By MIKE VINSON
I imagine most have heard the term "little white lie." Based on my experience, the term refers to an untruth that, for the most part, is benign and not intended to actually hurt anyone, versus an "outright lie" purposely told with malice, with the potential to hurt the innocent.
Have you ever told a little white lie? That's what I thought.
The following is a story that was revealed to me, and, no, I can't authenticate it as being the gospel truth. However, it does serve as a good illustration regarding how one should conduct him/herself in life.
Mrs. Helen Johnson (fictitious name) was to bake a cake for her women's church group, which went by the title Ladies of Faith. The reason for Helen baking the cake was that it, along with other cakes, pies, and pastries, was to be part of a church-sponsored, bake-sale fundraiser.
Married to a prominent banker, and a bit of a socialite in this small southern town, Helen, however, had totally forgotten about baking the cake until the very morning of the fundraiser.
Frantic, Helen rummaged through her cabinets and, luckily, found a box of Angel Food Cake mix. Hurrying around, she mixed the contents and stuck it inside the oven to bake. Removing the cake from the oven, she discovered that the center of the cake had dropped flat. The cake looked horrible!
Realizing there wasn't enough time to bake another cake, Helen, fueled by a mixture of anxiety and ingenuity, commenced looking around the house for something to build up the flattened cake-she had a plan!
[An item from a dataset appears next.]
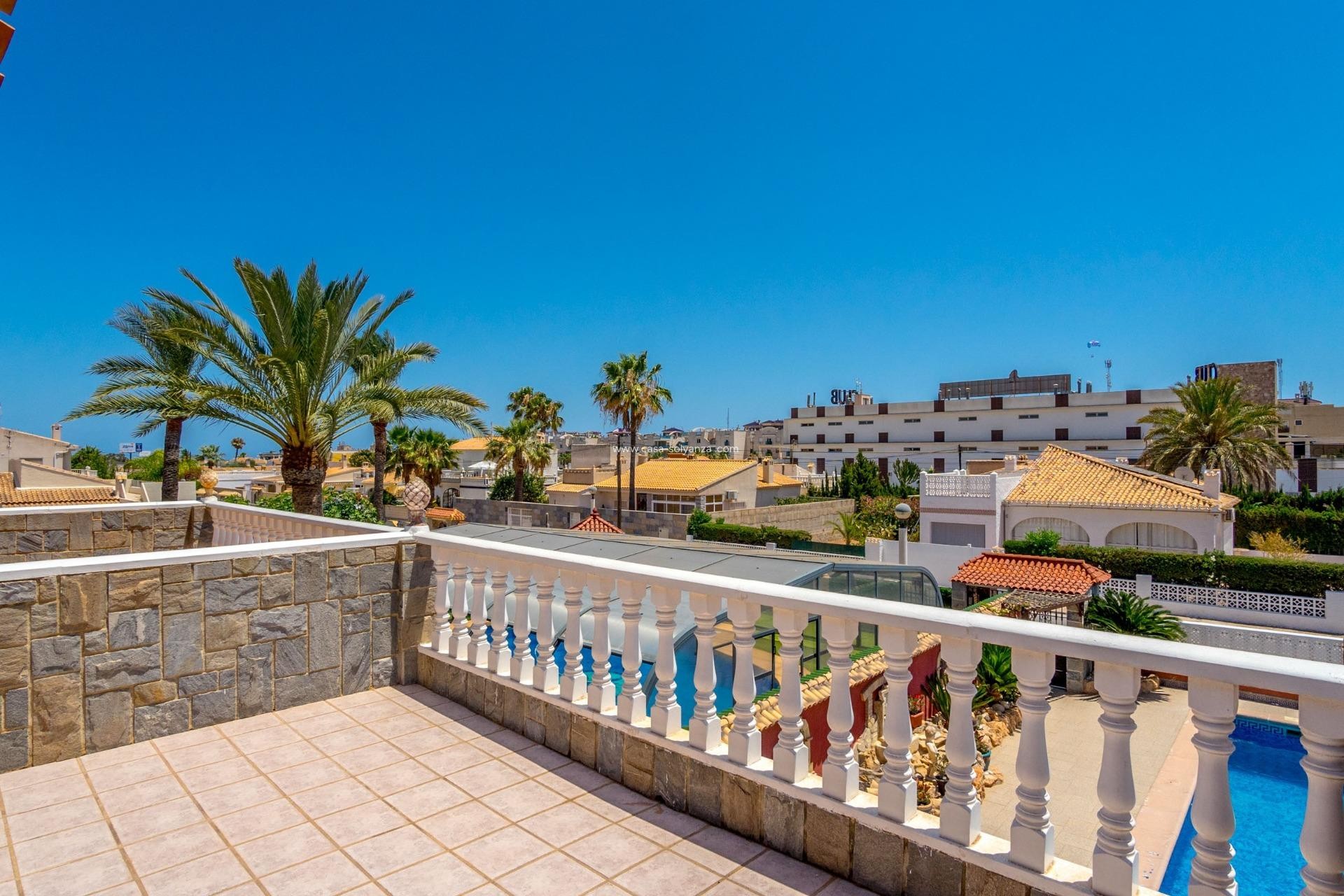 Herverkoop - Villa - Orihuela Costa - Campoamor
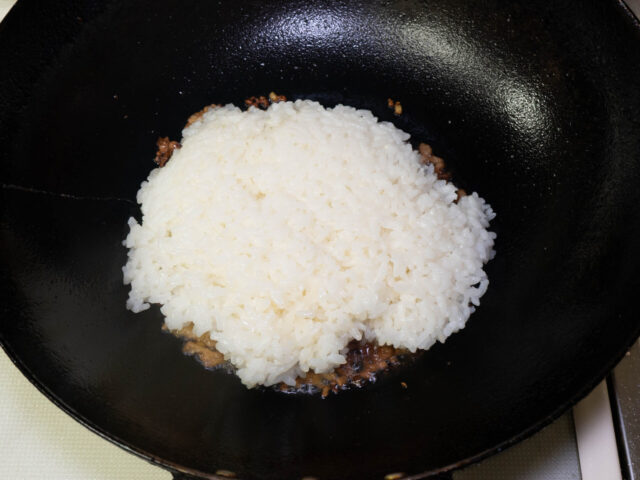 ご飯を加えた写真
So, Helen went into her bathroom and grabbed a roll of toilet paper. She inserted the roll inside the cake, then proceeded to cover it with layers of decorative icing. When she'd finished, the cake looked perfect, good enough to win a contest! Helen raced over to the church and placed her cake amongst the others to be sold at the fundraiser, which was to begin at 8 a.m.
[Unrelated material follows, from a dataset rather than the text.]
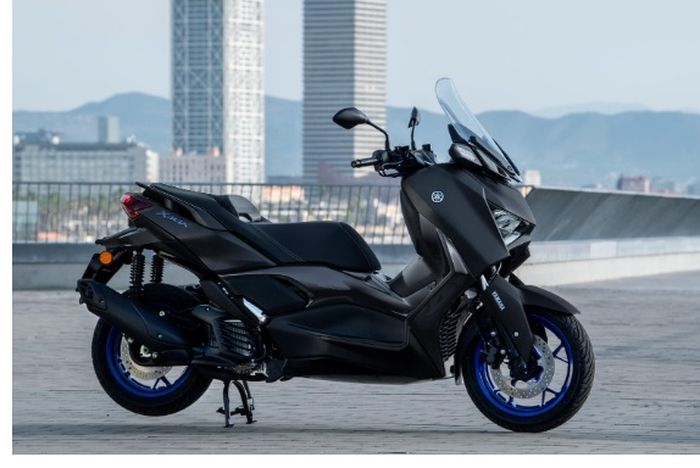 Bentuk knalpotnya lebih ramping mirip NMAX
Next, Helen called her older daughter, who lived nearby, and gave her these instructions: Before going to work, the daughter was to swing by the church, buy the cake that Helen had delivered, and bring the cake straight back to Helen. The daughter agreed.
About 8:30, the daughter called and informed Helen that someone else had bought the cake before the daughter could make it to the church and purchase it.
Helen was petrified: She would be the subject of much gossip. She would be socially ostracized. Her banker husband would ridicule her. However, she had no choice other than to let it play out.
It was about a week later, and Helen and her husband had RSVP reservations to attend a dinner hosted by the governor and his wife, Charlene, at their antebellum Governor's Mansion, an "Upper Crust" southern event, to say the least. Charlene was a snooty, self-serving type, always talking about herself. Actually, Helen despised Charlene, but always put on a smiley-face front.
After an elegant dinner, Charlene disappeared into the kitchen, returning to the dining table with a beautiful cake for dessert . . . the very cake Helen had baked for the fundraiser!
Her face now flushed red, Helen was about to stand up and come clean about the cake; she had no other choice.
Before she could stand, though, the senator's wife, sitting next to Helen, commented, "Why, Charlene, what a beautiful cake! I must know where you bought it so I can get one."
"Oh, I baked it, myself," Charlene said, smiling and making eye contact with all those sitting at the table.
Immediately, Helen's blood pressure returned to normal, and she, with tongue in cheek, eyes twinkling, said, "I agree, Charlene, what a gorgeous cake. Your baking skills speak volumes of you. I certainly hope there's enough for seconds."